You are viewing a plain text version of this content. The canonical link for it is here.
Posted to user@nutch.apache.org by Sol Lederman <so...@gmail.com> on 2017/11/21 14:45:04 UTC

Can't get any regex to work in regex-urlfilters.txt

In my regex-urlfilters.txt I have the default filters that come with nutch.
If I have +. as the very last line of the file crawling works fine.

If I change that line to anything else then I get "Total urls rejected by
filters: 1" and no urls are fetched.

I've tried a bunch of different entries in the last line:

+html
+*html
+*html$
+.*(html)$

What am I missing?

Thanks.

Sol

Re: Can't get any regex to work in regex-urlfilters.txt

Posted by Sebastian Nagel <wa...@googlemail.com>.
Hi Sol,

> doesn't "+html" work as well regardless of what is in seeds.txt? I should
> be able to have http://foo.bar in seeds.txt and "+html" for the regex
> filter, yes?

URL filters are also applied to the seed list by default. That's
why the Injector logs
 Total urls rejected by filters: 1


> All I get back is "-http://foo.bar"

That means that this URL is rejected. Accepted URLs are marked by a leading "+".

> What am I missing?

You may
 - disable URL filters for the injector  (-noFilter)
 - or make sure that all seeds are accepted by the configured URL filters,
   add a rule:
    +http://foo\.far/?$

Best,
Sebastian

On 11/21/2017 09:09 PM, Sol Lederman wrote:
> Sebastian,
> 
> Thanks for the engagement and for the quick reply. I still can't get it to
> work. Here's something I don't understand. I assume that the dot in "+."
> means to match any character so it matches any URL. That's great. Why
> doesn't "+html" work as well regardless of what is in seeds.txt? I should
> be able to have http://foo.bar in seeds.txt and "+html" for the regex
> filter, yes?
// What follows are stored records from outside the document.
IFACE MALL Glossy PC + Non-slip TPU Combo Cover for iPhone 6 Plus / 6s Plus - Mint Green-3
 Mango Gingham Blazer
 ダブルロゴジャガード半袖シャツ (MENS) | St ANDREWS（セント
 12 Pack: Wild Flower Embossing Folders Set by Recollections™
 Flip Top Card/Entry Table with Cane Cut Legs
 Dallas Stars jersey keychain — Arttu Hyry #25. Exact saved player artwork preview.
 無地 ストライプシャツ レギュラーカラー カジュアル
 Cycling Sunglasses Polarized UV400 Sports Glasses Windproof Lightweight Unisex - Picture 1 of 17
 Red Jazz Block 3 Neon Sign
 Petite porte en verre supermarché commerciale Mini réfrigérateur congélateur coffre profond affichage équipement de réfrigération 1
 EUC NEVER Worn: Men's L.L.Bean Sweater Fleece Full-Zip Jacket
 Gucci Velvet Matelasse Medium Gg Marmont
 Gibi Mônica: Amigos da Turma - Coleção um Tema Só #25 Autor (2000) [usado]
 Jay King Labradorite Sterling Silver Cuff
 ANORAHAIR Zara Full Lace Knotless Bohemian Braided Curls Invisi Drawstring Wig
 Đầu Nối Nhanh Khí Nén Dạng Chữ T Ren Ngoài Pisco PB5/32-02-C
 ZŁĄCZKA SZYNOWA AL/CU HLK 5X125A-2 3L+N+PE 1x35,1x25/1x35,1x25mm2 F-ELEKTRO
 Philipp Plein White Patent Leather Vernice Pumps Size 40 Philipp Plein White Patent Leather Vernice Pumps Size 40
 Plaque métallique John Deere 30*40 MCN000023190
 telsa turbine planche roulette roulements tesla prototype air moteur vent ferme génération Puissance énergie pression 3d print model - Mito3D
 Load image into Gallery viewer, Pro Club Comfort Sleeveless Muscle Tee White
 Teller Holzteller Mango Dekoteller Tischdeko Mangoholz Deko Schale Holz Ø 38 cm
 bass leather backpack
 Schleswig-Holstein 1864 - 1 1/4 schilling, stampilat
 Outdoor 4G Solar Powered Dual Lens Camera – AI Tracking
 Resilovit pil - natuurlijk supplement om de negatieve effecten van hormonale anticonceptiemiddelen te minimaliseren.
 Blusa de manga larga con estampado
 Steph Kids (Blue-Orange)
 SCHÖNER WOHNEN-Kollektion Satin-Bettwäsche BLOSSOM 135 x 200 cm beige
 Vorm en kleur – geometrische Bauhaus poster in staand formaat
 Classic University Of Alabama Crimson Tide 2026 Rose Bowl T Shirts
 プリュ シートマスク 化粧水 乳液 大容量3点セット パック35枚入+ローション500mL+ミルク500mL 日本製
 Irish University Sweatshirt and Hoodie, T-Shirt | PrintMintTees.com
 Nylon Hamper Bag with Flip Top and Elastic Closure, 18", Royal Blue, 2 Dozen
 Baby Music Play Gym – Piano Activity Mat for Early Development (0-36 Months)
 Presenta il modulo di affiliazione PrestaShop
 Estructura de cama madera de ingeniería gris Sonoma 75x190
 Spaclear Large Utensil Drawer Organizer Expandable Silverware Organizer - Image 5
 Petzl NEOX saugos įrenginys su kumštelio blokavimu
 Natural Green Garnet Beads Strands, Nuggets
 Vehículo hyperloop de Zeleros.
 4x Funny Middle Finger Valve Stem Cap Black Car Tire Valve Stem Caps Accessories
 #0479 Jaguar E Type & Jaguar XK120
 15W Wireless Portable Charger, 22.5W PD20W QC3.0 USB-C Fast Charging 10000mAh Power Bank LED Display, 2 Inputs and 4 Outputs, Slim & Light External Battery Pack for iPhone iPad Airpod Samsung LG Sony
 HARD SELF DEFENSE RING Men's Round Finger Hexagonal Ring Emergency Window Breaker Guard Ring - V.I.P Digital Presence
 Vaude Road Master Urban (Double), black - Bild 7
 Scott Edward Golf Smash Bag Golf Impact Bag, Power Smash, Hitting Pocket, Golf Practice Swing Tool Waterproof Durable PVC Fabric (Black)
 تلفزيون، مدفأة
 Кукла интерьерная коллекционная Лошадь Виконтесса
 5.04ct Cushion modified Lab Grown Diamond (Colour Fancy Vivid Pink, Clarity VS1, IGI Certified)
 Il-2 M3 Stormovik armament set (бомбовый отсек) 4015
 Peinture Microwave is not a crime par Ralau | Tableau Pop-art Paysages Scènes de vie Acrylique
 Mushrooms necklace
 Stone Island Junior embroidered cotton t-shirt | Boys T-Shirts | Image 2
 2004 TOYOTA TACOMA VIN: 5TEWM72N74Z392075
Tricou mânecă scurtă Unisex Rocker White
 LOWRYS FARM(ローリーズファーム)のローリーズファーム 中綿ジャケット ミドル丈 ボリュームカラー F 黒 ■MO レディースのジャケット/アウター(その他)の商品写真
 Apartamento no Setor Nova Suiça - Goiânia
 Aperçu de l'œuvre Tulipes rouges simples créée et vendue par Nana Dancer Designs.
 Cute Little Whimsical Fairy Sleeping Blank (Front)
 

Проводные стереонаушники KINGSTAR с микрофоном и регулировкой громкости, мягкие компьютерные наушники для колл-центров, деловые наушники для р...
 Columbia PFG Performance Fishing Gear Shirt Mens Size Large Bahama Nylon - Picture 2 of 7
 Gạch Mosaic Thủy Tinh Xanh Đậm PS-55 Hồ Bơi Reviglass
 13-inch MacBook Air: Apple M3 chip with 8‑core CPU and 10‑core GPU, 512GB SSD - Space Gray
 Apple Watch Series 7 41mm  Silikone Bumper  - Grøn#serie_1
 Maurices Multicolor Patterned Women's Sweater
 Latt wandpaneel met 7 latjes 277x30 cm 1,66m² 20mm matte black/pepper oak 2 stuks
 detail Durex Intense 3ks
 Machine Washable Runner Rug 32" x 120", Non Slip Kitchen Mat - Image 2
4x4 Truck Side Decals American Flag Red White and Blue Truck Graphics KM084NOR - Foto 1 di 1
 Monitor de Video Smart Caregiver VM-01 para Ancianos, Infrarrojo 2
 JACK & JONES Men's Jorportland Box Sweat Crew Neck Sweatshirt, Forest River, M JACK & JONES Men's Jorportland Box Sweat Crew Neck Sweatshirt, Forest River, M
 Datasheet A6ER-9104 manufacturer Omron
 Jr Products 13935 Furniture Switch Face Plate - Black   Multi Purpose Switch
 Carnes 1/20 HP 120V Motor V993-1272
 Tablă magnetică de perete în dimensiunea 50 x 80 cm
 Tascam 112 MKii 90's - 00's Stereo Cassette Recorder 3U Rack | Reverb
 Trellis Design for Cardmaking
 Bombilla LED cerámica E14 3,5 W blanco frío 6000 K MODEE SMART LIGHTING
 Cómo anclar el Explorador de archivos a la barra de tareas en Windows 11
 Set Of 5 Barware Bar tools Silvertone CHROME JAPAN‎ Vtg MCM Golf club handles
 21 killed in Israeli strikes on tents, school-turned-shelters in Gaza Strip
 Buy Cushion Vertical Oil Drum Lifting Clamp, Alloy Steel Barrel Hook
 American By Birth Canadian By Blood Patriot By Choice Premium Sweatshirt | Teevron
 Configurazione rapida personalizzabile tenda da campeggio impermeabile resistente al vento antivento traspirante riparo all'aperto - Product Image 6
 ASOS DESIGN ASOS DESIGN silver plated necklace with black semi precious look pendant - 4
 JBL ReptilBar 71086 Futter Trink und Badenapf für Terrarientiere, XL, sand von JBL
Or, are you saying that my regex filter has to look something
> like "http://foo.bar/.*html"?
> 
> In any case, I've tried a variety of regex patterns, with and without the
> domain name in them, and none of them work. And, yes, the site in question
> does have files at the top level ending in ".html". And, yes, the default
> nutch.apache.org case crawls fine.
> 
> I also did do the filterchecker test. All I get back is "-http://foo.bar"
> and a return code of 0. I get the same behavior for the working
> nutch.apache.org seed URL.
> 
> What am I missing?
> 
> Thanks again.
> 
> Sol
> 


Re: Can't get any regex to work in regex-urlfilters.txt

Posted by Sol Lederman <so...@gmail.com>.
Sebastian,

Thanks for the engagement and for the quick reply. I still can't get it to
work. Here's something I don't understand. I assume that the dot in "+."
means to match any character so it matches any URL. That's great. Why
doesn't "+html" work as well regardless of what is in seeds.txt? I should
be able to have http://foo.bar in seeds.txt and "+html" for the regex
filter, yes? Or, are you saying that my regex filter has to look something
like "http://foo.bar/.*html"?

In any case, I've tried a variety of regex patterns, with and without the
domain name in them, and none of them work. And, yes, the site in question
does have files at the top level ending in ".html". And, yes, the default
nutch.apache.org case crawls fine.

I also did do the filterchecker test. All I get back is "-http://foo.bar"
and a return code of 0. I get the same behavior for the working
nutch.apache.org seed URL.

What am I missing?

Thanks again.

Sol

Re: Can't get any regex to work in regex-urlfilters.txt

Posted by Sebastian Nagel <wa...@googlemail.com>.
Hi,

these are invalid expressions:
> +*html
> +*html$

these should work:
> +html
> +.*(html)$

but the simpler expression would be
+\.html$

Of course, if your seed URL does not match the regular expression it's excluded.
That's the case for, e.g.:
 http://nutch.apache.org/
 http://example.com/index.php

It's better to verify whether the URL filter configuration works as expected
beforehand:
 cat .../seeds.txt | $NUTCH_HOME/bin/nutch filterchecker -allCombined


If you want to keep only HTML pages, have a look at the plugins
  urlfilter-suffix
    to filter away URLs with undesired file extensions (.pdf, .xlsx, etc.)
  mimetype-filter
    to index selectively by MIME type


Best,
Sebastian


On 11/21/2017 03:45 PM, Sol Lederman wrote:
> In my regex-urlfilters.txt I have the default filters that come with nutch.
> If I have +. as the very last line of the file crawling works fine.
> 
> If I change that line to anything else then I get "Total urls rejected by
> filters: 1" and no urls are fetched.
> 
> I've tried a bunch of different entries in the last line:
> 
> +html
> +*html
> +*html$
> +.*(html)$
> 
> What am I missing?
> 
> Thanks.
> 
> Sol
>